*Problem to solve:* Reproduce the records below in their entirety, exactly as shown.

*Given records:*

☆ ☆ ☆ ☆ ☆ ☆ ☆

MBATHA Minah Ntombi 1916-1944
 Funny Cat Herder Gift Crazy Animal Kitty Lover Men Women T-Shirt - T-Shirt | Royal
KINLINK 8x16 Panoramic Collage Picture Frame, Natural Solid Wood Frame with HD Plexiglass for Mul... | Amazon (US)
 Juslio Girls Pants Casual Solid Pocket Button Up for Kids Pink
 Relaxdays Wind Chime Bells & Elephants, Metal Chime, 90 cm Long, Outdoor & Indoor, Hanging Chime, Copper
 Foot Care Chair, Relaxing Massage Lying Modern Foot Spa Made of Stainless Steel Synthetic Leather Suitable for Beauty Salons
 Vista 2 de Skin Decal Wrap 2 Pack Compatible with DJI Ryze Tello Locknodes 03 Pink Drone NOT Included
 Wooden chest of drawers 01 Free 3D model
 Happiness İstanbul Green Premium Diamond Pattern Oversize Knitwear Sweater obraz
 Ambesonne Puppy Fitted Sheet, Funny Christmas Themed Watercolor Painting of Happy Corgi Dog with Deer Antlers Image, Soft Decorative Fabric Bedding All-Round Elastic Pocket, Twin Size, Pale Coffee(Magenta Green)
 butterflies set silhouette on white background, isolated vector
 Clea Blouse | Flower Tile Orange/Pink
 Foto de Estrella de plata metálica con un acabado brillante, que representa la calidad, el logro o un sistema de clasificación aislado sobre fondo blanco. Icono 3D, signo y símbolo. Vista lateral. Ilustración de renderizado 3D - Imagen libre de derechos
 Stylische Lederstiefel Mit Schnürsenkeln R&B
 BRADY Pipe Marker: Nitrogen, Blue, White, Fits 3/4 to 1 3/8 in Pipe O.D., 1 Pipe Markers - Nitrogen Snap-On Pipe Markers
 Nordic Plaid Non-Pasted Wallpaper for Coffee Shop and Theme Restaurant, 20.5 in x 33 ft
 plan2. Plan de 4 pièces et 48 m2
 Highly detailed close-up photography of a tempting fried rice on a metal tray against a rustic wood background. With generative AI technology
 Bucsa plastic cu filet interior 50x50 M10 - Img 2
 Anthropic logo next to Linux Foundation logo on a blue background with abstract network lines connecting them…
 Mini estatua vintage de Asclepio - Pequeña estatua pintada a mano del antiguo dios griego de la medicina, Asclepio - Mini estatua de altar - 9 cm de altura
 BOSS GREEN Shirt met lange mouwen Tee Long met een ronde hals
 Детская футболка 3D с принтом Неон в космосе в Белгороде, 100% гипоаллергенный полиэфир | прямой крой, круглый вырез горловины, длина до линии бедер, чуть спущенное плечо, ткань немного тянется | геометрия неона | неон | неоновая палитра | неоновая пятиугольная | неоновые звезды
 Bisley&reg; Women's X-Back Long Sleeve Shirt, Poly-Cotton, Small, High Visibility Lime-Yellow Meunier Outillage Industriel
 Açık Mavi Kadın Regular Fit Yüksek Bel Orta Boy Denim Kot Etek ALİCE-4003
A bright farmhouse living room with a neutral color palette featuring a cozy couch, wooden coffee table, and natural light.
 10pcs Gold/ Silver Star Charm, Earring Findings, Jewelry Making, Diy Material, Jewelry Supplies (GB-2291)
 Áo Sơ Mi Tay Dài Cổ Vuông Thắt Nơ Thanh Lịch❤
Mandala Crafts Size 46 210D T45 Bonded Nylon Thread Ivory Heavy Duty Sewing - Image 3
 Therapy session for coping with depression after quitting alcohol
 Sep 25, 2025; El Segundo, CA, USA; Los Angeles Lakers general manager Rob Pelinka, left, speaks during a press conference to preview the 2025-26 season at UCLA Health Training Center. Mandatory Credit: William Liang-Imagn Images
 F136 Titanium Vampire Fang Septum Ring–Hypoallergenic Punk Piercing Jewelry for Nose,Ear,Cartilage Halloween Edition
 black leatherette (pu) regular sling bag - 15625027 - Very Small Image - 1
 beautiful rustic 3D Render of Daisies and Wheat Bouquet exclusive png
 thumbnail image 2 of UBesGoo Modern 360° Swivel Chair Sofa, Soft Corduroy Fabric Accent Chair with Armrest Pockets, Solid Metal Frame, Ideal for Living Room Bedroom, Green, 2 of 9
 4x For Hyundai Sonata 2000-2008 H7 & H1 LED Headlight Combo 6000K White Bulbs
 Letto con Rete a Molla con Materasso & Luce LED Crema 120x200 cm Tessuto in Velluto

☆ ☆ ☆ ☆ ☆ ☆ ☆

*Task response:*
MBATHA Minah Ntombi 1916-1944
 Funny Cat Herder Gift Crazy Animal Kitty Lover Men Women T-Shirt - T-Shirt | Royal
KINLINK 8x16 Panoramic Collage Picture Frame, Natural Solid Wood Frame with HD Plexiglass for Mul... | Amazon (US)
 Juslio Girls Pants Casual Solid Pocket Button Up for Kids Pink
 Relaxdays Wind Chime Bells & Elephants, Metal Chime, 90 cm Long, Outdoor & Indoor, Hanging Chime, Copper
 Foot Care Chair, Relaxing Massage Lying Modern Foot Spa Made of Stainless Steel Synthetic Leather Suitable for Beauty Salons
 Vista 2 de Skin Decal Wrap 2 Pack Compatible with DJI Ryze Tello Locknodes 03 Pink Drone NOT Included
 Wooden chest of drawers 01 Free 3D model
 Happiness İstanbul Green Premium Diamond Pattern Oversize Knitwear Sweater obraz
 Ambesonne Puppy Fitted Sheet, Funny Christmas Themed Watercolor Painting of Happy Corgi Dog with Deer Antlers Image, Soft Decorative Fabric Bedding All-Round Elastic Pocket, Twin Size, Pale Coffee(Magenta Green)
 butterflies set silhouette on white background, isolated vector
 Clea Blouse | Flower Tile Orange/Pink
 Foto de Estrella de plata metálica con un acabado brillante, que representa la calidad, el logro o un sistema de clasificación aislado sobre fondo blanco. Icono 3D, signo y símbolo. Vista lateral. Ilustración de renderizado 3D - Imagen libre de derechos
 Stylische Lederstiefel Mit Schnürsenkeln R&B
 BRADY Pipe Marker: Nitrogen, Blue, White, Fits 3/4 to 1 3/8 in Pipe O.D., 1 Pipe Markers - Nitrogen Snap-On Pipe Markers
 Nordic Plaid Non-Pasted Wallpaper for Coffee Shop and Theme Restaurant, 20.5 in x 33 ft
 plan2. Plan de 4 pièces et 48 m2
 Highly detailed close-up photography of a tempting fried rice on a metal tray against a rustic wood background. With generative AI technology
 Bucsa plastic cu filet interior 50x50 M10 - Img 2
 Anthropic logo next to Linux Foundation logo on a blue background with abstract network lines connecting them…
 Mini estatua vintage de Asclepio - Pequeña estatua pintada a mano del antiguo dios griego de la medicina, Asclepio - Mini estatua de altar - 9 cm de altura
 BOSS GREEN Shirt met lange mouwen Tee Long met een ronde hals
 Детская футболка 3D с принтом Неон в космосе в Белгороде, 100% гипоаллергенный полиэфир | прямой крой, круглый вырез горловины, длина до линии бедер, чуть спущенное плечо, ткань немного тянется | геометрия неона | неон | неоновая палитра | неоновая пятиугольная | неоновые звезды
 Bisley&reg; Women's X-Back Long Sleeve Shirt, Poly-Cotton, Small, High Visibility Lime-Yellow Meunier Outillage Industriel
 Açık Mavi Kadın Regular Fit Yüksek Bel Orta Boy Denim Kot Etek ALİCE-4003
A bright farmhouse living room with a neutral color palette featuring a cozy couch, wooden coffee table, and natural light.
 10pcs Gold/ Silver Star Charm, Earring Findings, Jewelry Making, Diy Material, Jewelry Supplies (GB-2291)
 Áo Sơ Mi Tay Dài Cổ Vuông Thắt Nơ Thanh Lịch❤
Mandala Crafts Size 46 210D T45 Bonded Nylon Thread Ivory Heavy Duty Sewing - Image 3
 Therapy session for coping with depression after quitting alcohol
 Sep 25, 2025; El Segundo, CA, USA; Los Angeles Lakers general manager Rob Pelinka, left, speaks during a press conference to preview the 2025-26 season at UCLA Health Training Center. Mandatory Credit: William Liang-Imagn Images
 F136 Titanium Vampire Fang Septum Ring–Hypoallergenic Punk Piercing Jewelry for Nose,Ear,Cartilage Halloween Edition
 black leatherette (pu) regular sling bag - 15625027 - Very Small Image - 1
 beautiful rustic 3D Render of Daisies and Wheat Bouquet exclusive png
 thumbnail image 2 of UBesGoo Modern 360° Swivel Chair Sofa, Soft Corduroy Fabric Accent Chair with Armrest Pockets, Solid Metal Frame, Ideal for Living Room Bedroom, Green, 2 of 9
 4x For Hyundai Sonata 2000-2008 H7 & H1 LED Headlight Combo 6000K White Bulbs
 Letto con Rete a Molla con Materasso & Luce LED Crema 120x200 cm Tessuto in Velluto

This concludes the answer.